--- COLLECTED DATA Enclosed Below ---

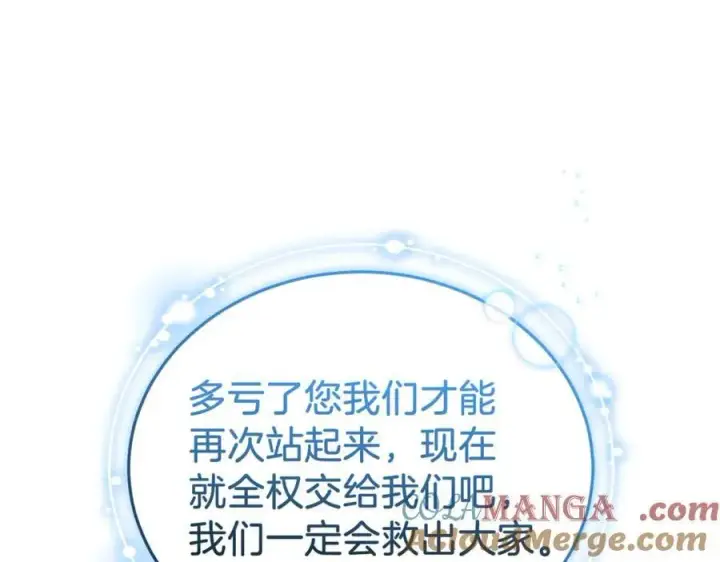 漫画《继母活命很简单》第81话 忍耐已经到极限第81张图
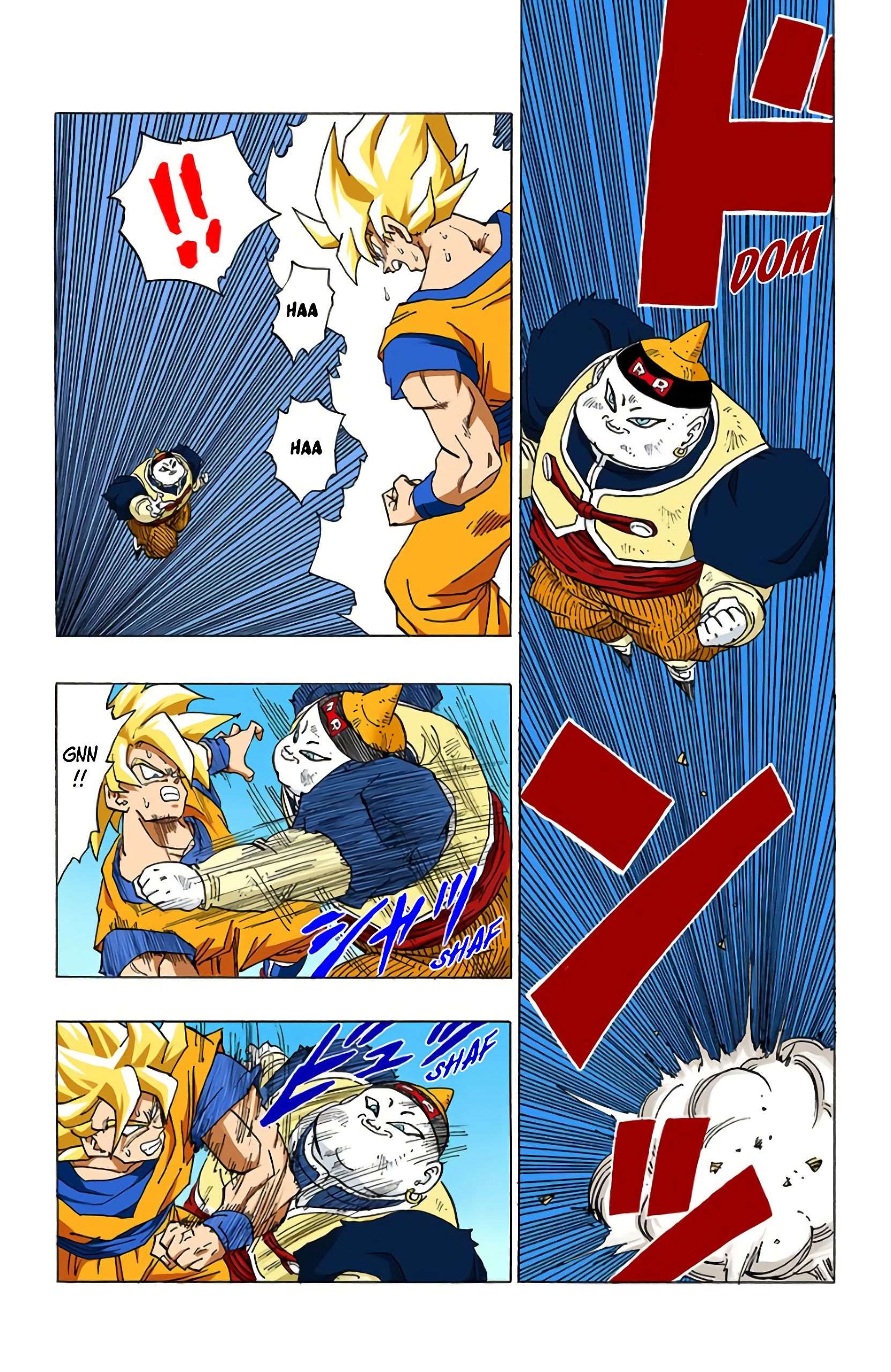 Chapitre 342 — La défaite de Gokû ! — page 4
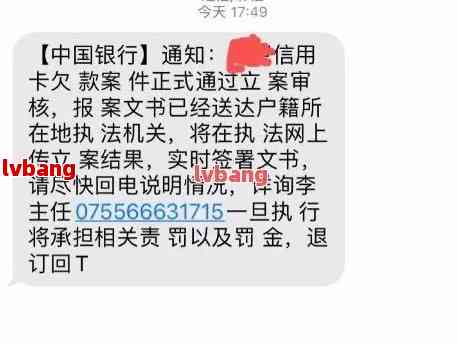 浦发欠5万逾期4个月报案,公安会来电话吗-浦发欠5万逾期4个月报案,公安会来电话吗是真的吗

--- End of Enclosed COLLECTED DATA ---

◆ HOW TO COMPLETE THIS TASK ◆
Your answer must be the lines from the line containing "Chapitre 342 — La défaite de Gokû ! — page 4" through the final line of the data, written out exactly, both ends included and pictures left out.

◆ EXPECTED OUTPUT ◆
 Chapitre 342 — La défaite de Gokû ! — page 4
 浦发欠5万逾期4个月报案,公安会来电话吗-浦发欠5万逾期4个月报案,公安会来电话吗是真的吗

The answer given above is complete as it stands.